Puis sinon, j'ai pu participer à des ateliers communicatifs. C'est-à-dire que tout le monde peut prendre la parole quand bon lui semble mais qu'aucune obligation ne lui est donnée de le faire. Ainsi, on est tous assis et on écoute, on partage et on apprend.

Au début, ça m'a fait pensé aux clichés des alcooliques anonymes, puis j'ai compris que c'était bien plus que juste un groupe de gens assis en rond. C'était un mélange d'expérience qui fait grandir. 

Pour ma part, je ne suis pas très bavarde lorsqu'il s'agit de prendre la parole devant des gens. Même en classe, je suis le genre de fille qui ne lève jamais la main et qui ne dit jamais rien. Mais là j'ai appris que si je voulais guérir, je devais y mettre du mien, alors j'ai participé. J'ai partagé. J'ai écouté et j'ai appris. 
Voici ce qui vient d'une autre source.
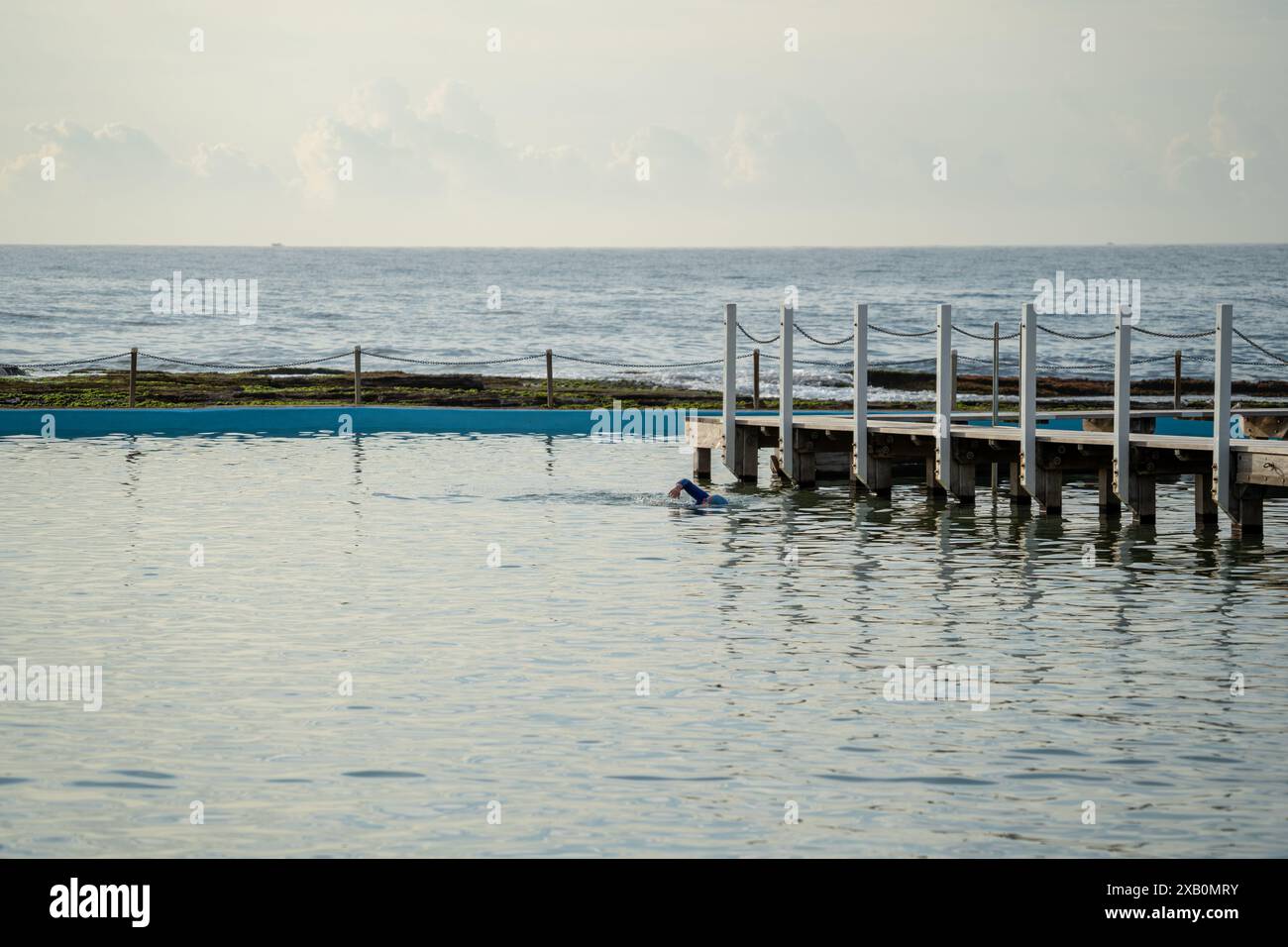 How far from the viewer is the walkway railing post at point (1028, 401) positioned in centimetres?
1938

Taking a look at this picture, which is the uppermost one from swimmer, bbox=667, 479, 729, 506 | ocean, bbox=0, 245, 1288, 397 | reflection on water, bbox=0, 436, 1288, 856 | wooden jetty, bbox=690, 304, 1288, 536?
ocean, bbox=0, 245, 1288, 397

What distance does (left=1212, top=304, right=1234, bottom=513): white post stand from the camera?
17.5 m

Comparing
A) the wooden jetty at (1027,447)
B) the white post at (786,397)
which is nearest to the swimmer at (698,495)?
the wooden jetty at (1027,447)

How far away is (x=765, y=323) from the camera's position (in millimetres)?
88062

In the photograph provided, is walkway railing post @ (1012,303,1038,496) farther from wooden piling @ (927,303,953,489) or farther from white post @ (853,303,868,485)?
white post @ (853,303,868,485)

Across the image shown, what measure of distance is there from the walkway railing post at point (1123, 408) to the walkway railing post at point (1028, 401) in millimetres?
974

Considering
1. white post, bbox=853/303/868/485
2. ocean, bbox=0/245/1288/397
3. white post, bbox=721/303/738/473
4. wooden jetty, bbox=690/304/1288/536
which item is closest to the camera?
wooden jetty, bbox=690/304/1288/536

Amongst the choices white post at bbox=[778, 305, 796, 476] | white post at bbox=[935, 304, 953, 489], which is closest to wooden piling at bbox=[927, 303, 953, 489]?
white post at bbox=[935, 304, 953, 489]

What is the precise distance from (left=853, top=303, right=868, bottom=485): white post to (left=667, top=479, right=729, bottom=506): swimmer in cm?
203

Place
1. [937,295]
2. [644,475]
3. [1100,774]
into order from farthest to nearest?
[937,295], [644,475], [1100,774] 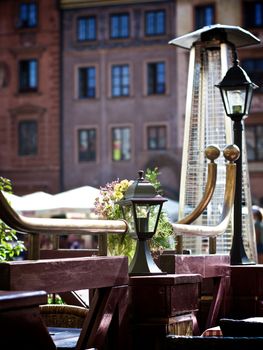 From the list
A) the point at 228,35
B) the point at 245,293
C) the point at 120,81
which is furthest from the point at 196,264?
the point at 120,81

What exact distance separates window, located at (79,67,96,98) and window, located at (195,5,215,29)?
183 inches

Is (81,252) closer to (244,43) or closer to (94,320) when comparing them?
(94,320)

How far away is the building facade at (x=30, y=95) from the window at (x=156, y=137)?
3.69 m

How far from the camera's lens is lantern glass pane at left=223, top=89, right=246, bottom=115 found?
7.32 metres

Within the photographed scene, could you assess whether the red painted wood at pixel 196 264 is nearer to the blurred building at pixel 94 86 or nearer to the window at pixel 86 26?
the blurred building at pixel 94 86

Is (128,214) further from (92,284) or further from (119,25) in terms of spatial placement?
(119,25)

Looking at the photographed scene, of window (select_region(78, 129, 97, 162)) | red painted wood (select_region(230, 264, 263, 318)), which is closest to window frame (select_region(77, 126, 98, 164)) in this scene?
window (select_region(78, 129, 97, 162))

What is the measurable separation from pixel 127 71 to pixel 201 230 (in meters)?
30.4

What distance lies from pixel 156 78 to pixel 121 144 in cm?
296

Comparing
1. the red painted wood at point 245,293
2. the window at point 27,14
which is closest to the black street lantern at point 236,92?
the red painted wood at point 245,293

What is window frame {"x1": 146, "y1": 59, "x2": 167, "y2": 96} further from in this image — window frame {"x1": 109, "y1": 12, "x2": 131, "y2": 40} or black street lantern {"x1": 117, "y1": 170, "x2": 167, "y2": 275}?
black street lantern {"x1": 117, "y1": 170, "x2": 167, "y2": 275}

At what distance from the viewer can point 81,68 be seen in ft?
118

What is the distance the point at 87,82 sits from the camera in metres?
36.1

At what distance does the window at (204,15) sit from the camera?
3447 cm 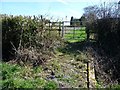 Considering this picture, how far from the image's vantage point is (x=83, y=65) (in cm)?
1516

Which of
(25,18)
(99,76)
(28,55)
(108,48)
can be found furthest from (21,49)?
(108,48)

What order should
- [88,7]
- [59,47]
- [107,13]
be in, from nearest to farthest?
1. [59,47]
2. [107,13]
3. [88,7]

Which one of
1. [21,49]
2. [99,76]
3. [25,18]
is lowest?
[99,76]

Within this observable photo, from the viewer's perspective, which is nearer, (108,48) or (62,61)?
(62,61)

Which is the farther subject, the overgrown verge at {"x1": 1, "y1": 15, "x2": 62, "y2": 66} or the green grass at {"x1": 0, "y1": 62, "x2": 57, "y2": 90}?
the overgrown verge at {"x1": 1, "y1": 15, "x2": 62, "y2": 66}

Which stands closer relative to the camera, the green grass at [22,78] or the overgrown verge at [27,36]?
the green grass at [22,78]

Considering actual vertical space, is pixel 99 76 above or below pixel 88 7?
below

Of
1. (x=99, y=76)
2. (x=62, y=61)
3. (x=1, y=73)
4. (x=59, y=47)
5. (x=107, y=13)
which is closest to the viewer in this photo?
(x=1, y=73)

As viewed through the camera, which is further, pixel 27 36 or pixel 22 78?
pixel 27 36

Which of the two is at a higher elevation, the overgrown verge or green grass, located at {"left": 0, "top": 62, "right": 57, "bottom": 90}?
the overgrown verge

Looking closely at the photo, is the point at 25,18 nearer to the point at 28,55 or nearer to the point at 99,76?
the point at 28,55

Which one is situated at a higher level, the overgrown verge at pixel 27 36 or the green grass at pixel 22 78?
the overgrown verge at pixel 27 36

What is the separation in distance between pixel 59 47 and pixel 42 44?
204cm

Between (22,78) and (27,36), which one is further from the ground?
(27,36)
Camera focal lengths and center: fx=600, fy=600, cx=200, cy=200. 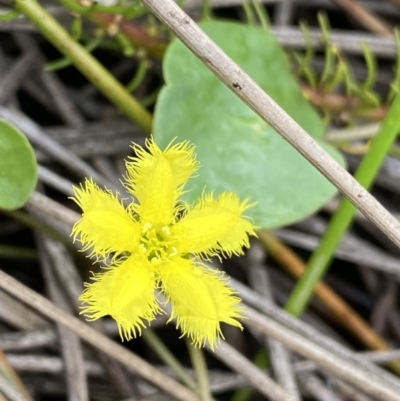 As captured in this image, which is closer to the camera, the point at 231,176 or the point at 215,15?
the point at 231,176

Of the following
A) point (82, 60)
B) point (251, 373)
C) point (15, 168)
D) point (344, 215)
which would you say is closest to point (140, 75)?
point (82, 60)

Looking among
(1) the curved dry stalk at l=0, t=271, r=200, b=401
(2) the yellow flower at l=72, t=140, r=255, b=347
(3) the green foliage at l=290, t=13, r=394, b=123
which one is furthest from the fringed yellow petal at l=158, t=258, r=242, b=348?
(3) the green foliage at l=290, t=13, r=394, b=123

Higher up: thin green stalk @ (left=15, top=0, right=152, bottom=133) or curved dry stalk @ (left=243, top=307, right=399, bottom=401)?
thin green stalk @ (left=15, top=0, right=152, bottom=133)

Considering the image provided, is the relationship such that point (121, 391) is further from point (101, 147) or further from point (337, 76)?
point (337, 76)

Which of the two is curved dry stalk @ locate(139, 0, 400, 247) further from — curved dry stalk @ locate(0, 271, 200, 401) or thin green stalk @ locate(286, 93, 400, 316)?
curved dry stalk @ locate(0, 271, 200, 401)

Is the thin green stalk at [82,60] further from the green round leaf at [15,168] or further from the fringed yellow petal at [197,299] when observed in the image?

Ce que je tire de ces ateliers c'est que tu peux chuter mais tu ne coulera pas si tu décides de sortir ta tête hors de l'eau. Autrement dit, guérir c'est un choix. Et oui, ça parait bête dit comme ça. Ça parait même pas du tout faisable. Mais je t'assure que si. Même si je n'ai pas encore réussi. J'ai espoir qu'un jour, moi aussi je sortirai la tête hors de l'eau et je pourrai enfin respirer. 

Breathe. Just breathe. And it takes time, I know it so well.

Et oui ça prend du temps mais je me dis que je n'ai pas fait tout ça pour rien. Je ne suis pas là pour rien. Ce n'est juste pas possible. 

Alors, je continuerai de dessiner, de peindre, de chanter faux, de crier, de jouer et plus encore. Je continuerai d'écouter et de suivre les conseils que l'on me donne. Je continuerai de parler, de me vider et d'arrêter de garder pour moi. Je continuerai d'apprendre.

Peut-être que je ne vivrai pas dès demain. Peut-être que je survivrai encore un moment. Mais peu importe. Parce que je sais qu'un jour je pourrai respirer. Je sais qu'un jour j'arrêterai d'étouffer. 

[14h04]

Il est l'heure pour moi de me reposer un peu. Dans 40 minutes, j'irai rejoindre les ados. Dois-je te répéter à quel point ça me terrifie? 

Arh, peu importe, je me battrai. J'ai besoin de respirer. Je veux vivre putain.

Je-Veux-Vivre.

Je t'écrirai tout bientôt journal, je n'y manquerai pas. Il faudra que je te raconte comment ça se passe. Tu me manques déjà.